Your answer must be an exact copy of the entries, containing no images.

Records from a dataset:
-----
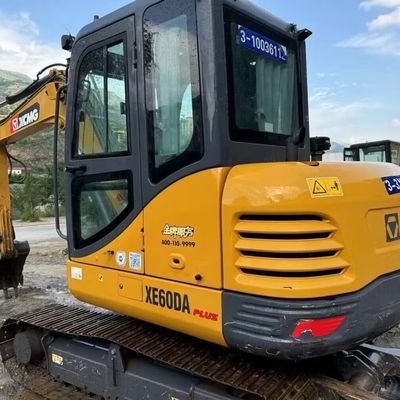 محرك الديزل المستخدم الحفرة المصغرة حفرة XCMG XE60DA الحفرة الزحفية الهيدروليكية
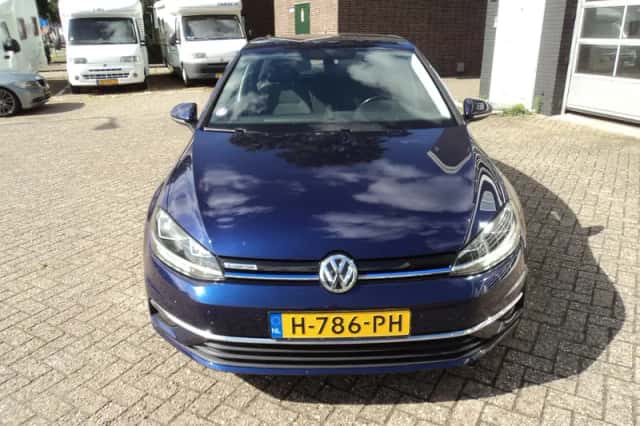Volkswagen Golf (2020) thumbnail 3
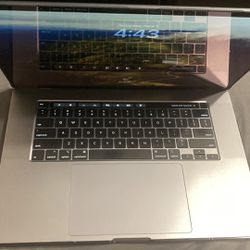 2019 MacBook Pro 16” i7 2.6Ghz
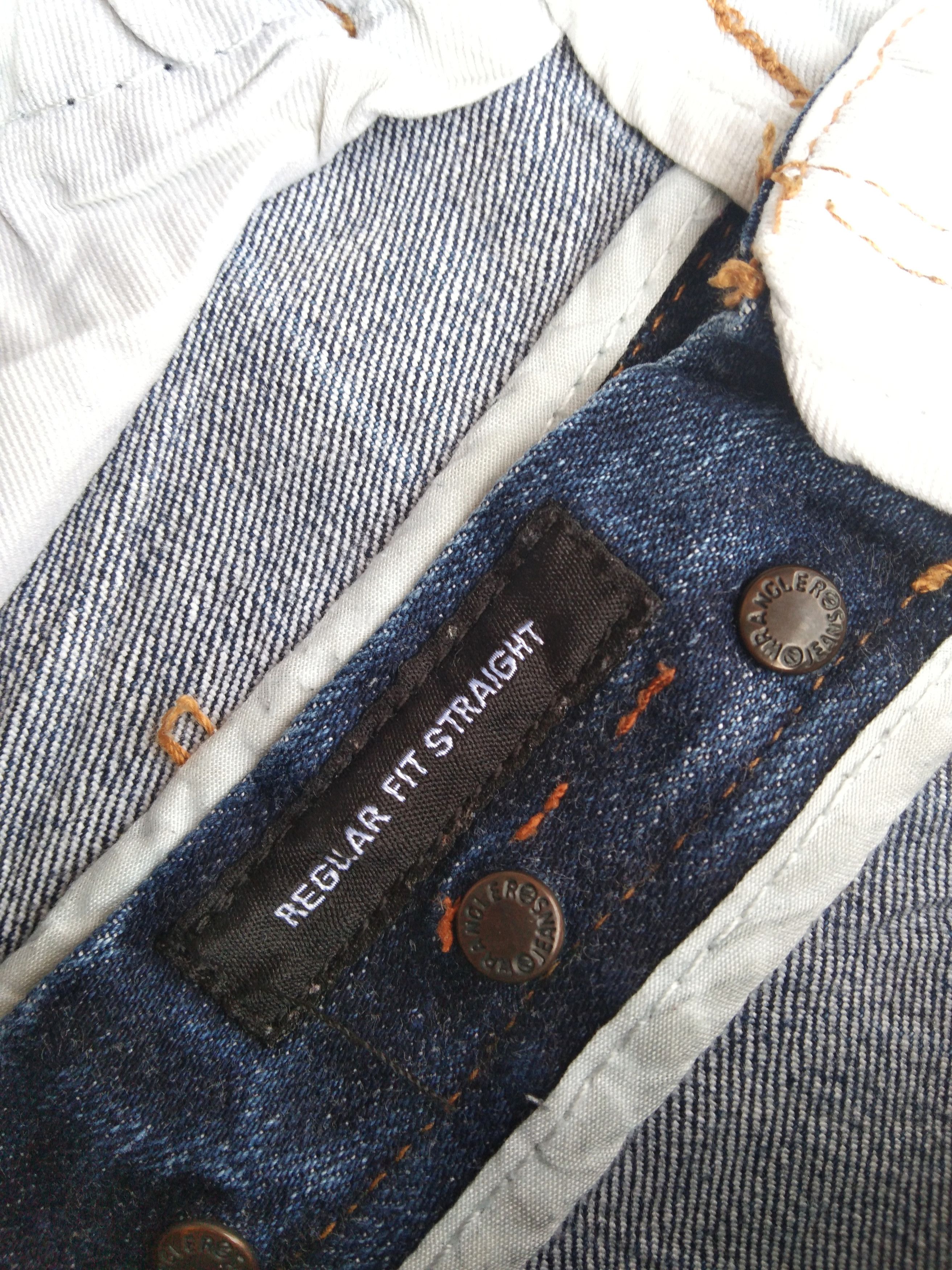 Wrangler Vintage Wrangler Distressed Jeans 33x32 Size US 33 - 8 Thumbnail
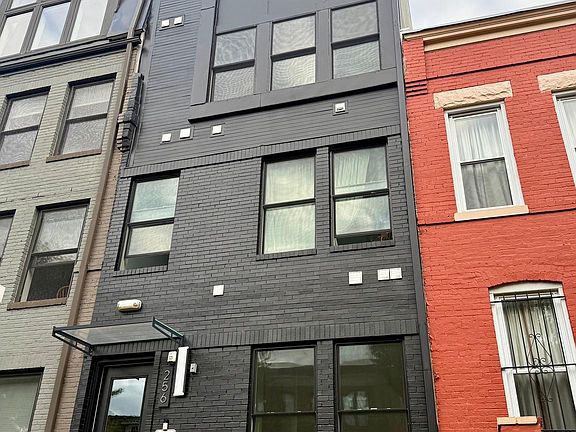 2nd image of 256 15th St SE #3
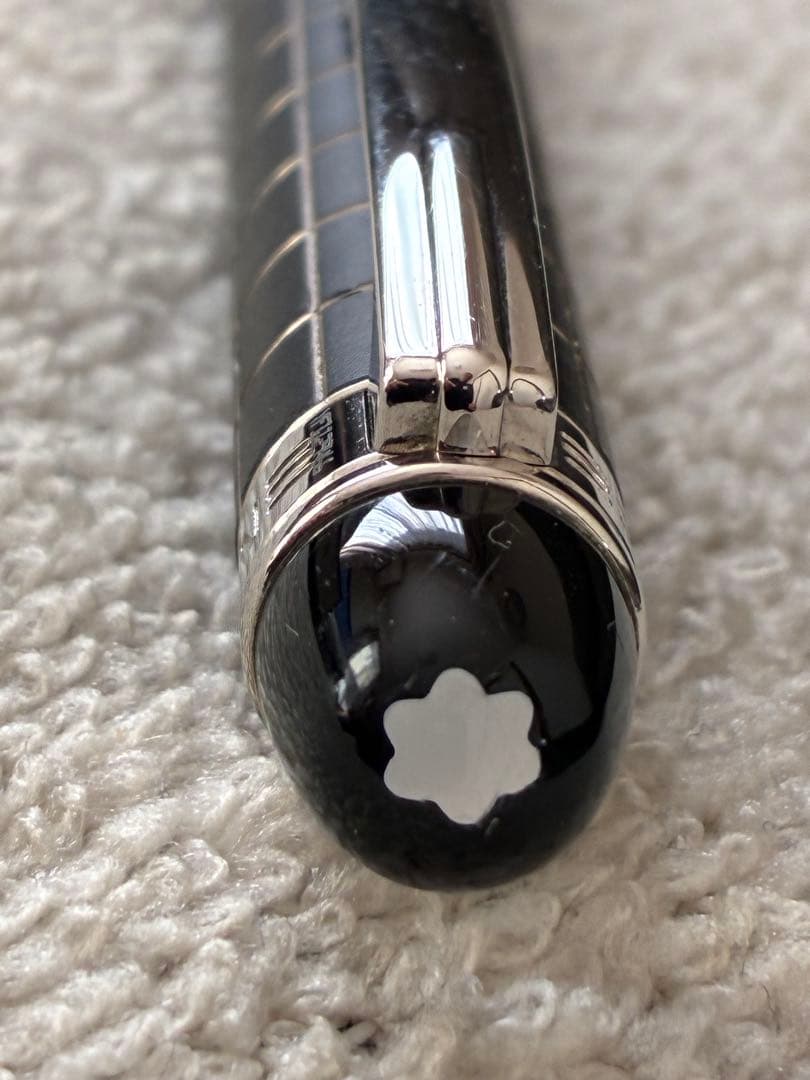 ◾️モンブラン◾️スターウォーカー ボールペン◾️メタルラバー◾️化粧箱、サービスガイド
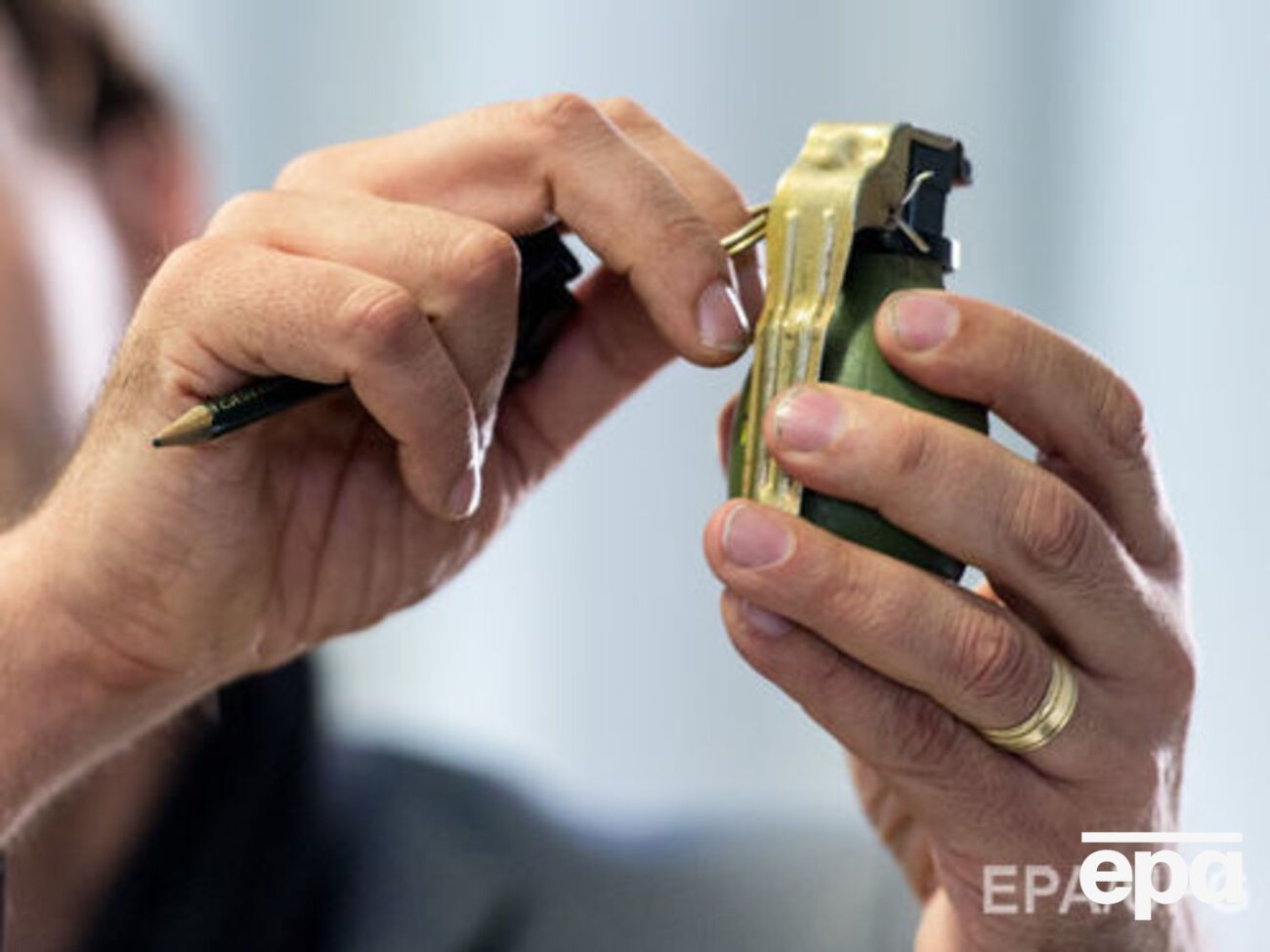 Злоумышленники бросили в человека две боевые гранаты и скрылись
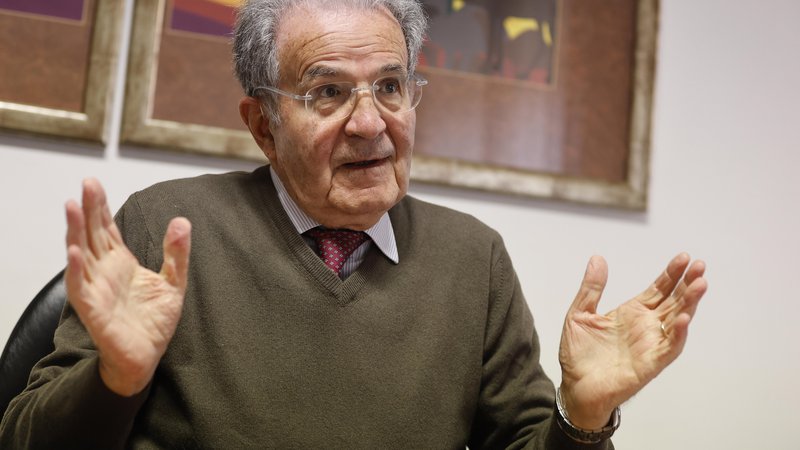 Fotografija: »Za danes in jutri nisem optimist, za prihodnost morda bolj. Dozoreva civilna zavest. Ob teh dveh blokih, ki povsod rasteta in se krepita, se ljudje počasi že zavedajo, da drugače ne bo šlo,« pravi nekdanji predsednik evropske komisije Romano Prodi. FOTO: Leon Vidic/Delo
-----
ANSWER SPACE:
 محرك الديزل المستخدم الحفرة المصغرة حفرة XCMG XE60DA الحفرة الزحفية الهيدروليكية
Volkswagen Golf (2020) thumbnail 3
 2019 MacBook Pro 16” i7 2.6Ghz
 Wrangler Vintage Wrangler Distressed Jeans 33x32 Size US 33 - 8 Thumbnail
 2nd image of 256 15th St SE #3
 ◾️モンブラン◾️スターウォーカー ボールペン◾️メタルラバー◾️化粧箱、サービスガイド
 Злоумышленники бросили в человека две боевые гранаты и скрылись
 Fotografija: »Za danes in jutri nisem optimist, za prihodnost morda bolj. Dozoreva civilna zavest. Ob teh dveh blokih, ki povsod rasteta in se krepita, se ljudje počasi že zavedajo, da drugače ne bo šlo,« pravi nekdanji predsednik evropske komisije Romano Prodi. FOTO: Leon Vidic/Delo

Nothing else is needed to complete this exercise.